“You shall make a table of acacia wood. Two cubits shall be its length, a cubit its breadth, and a cubit and a half its height. You shall overlay it with pure gold and make a molding of gold around it. And you shall make a rim around it a handbreadth wide, and a molding of gold around the rim. And you shall make for it four rings of gold, and fasten the rings to the four corners at its four legs. Close to the frame the rings shall lie, as holders for the poles to carry the table. You shall make the poles of acacia wood, and overlay them with gold, and the table shall be carried with these. And you shall make its plates and dishes for incense, and its flagons and bowls with which to pour drink offerings; you shall make them of pure gold. And you shall set the bread of the Presence on the table before me regularly." - Exodus 25:23–30
Sabbath after Sabbath the priest would take a seat at a rather imposing shiny gold table to get a small taste of the riches of Heaven- the Bread of the Presence, which in Hebrew means "bread of faces". This food would only reach the mouth of the holiest of men, as only those of the royal priesthood would ever receive the satisfaction that comes from not merely seeing, but tasting the goodness of the face of God. That is- except David when he was in a time of need and on the run from Saul.
"'Now then, what do you have on hand? Give me five loaves of bread, or whatever is here.' And the priest answered David, 'I have no common bread on hand, but there is holy bread—if the young men have kept themselves from women.' And David answered the priest, 'Truly women have been kept from us as always when I go on an expedition. The vessels of the young men are holy even when it is an ordinary journey. How much more today will their vessels be holy?' So the priest gave him the holy bread, for there was no bread there but the bread of the Presence, which is removed from before the LORD, to be replaced by hot bread on the day it is taken away." - 1 Samuel 21:3–6
Jesus cited this moment when the Pharisees were accusing His disciple's actions of picking heads of grain to eat on the Sabbath as unlawful. He asked them, "have you not read what David did when he was hungry, he and those who were with him: how he entered the house of God and took and ate the bread of the Presence, which is not lawful for any but the priests to eat, and also gave it to those with him?" (Luke 6:3-4)

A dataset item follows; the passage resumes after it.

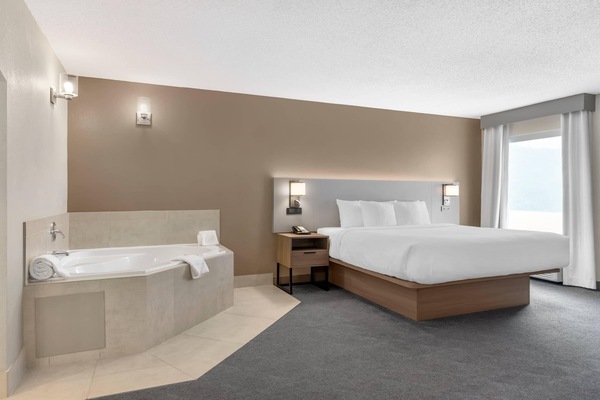 Premium bedding, desk, laptop workspace, blackout drapes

I would like to point you all back to how I mentioned previously that the bread of Presence is translated as "bread of faces".
"For what we proclaim is not ourselves, but Jesus Christ as Lord, with ourselves as your servants for Jesus’ sake. For God, who said, 'Let light shine out of darkness,' has shone in our hearts to give the light of the knowledge of the glory of God in the face of Jesus Christ." - 2 Corinthians 4:5–6
Jesus Christ is Himself the fullness of God in human flesh, His every cell is bursting with the glory of the Creator, and the heartbeat in His chest holds the inconceivable depths of all the love Heaven, completely unbound by time and space, is capable of. The compassion we see well up in Him time after time was unmarred by the bent nature of human emotion and He felt the extent of the emotional life in a way we never can. As our emotions are tarnished, His are not. The pure and holy eyes of Jesus hold within them the entire story of the universe and humanity, they saw the fall, saw the death, saw the destruction, and saw the cross. Every word Jesus spoke on earth was confined- the One who spoke all things into existence and whose voice is like thunder was bound by the mouth of man. Everything He touched was evidence of His voice and all earth was engrained with the power of His word, and now people needed to ask Him to speak up if He spoke too quietly for their ears to hear. Can you imagine?
What I'm establishing here is that every single bit of Jesus Christ is the revelation of God, He is God, and He is the Bread of Life.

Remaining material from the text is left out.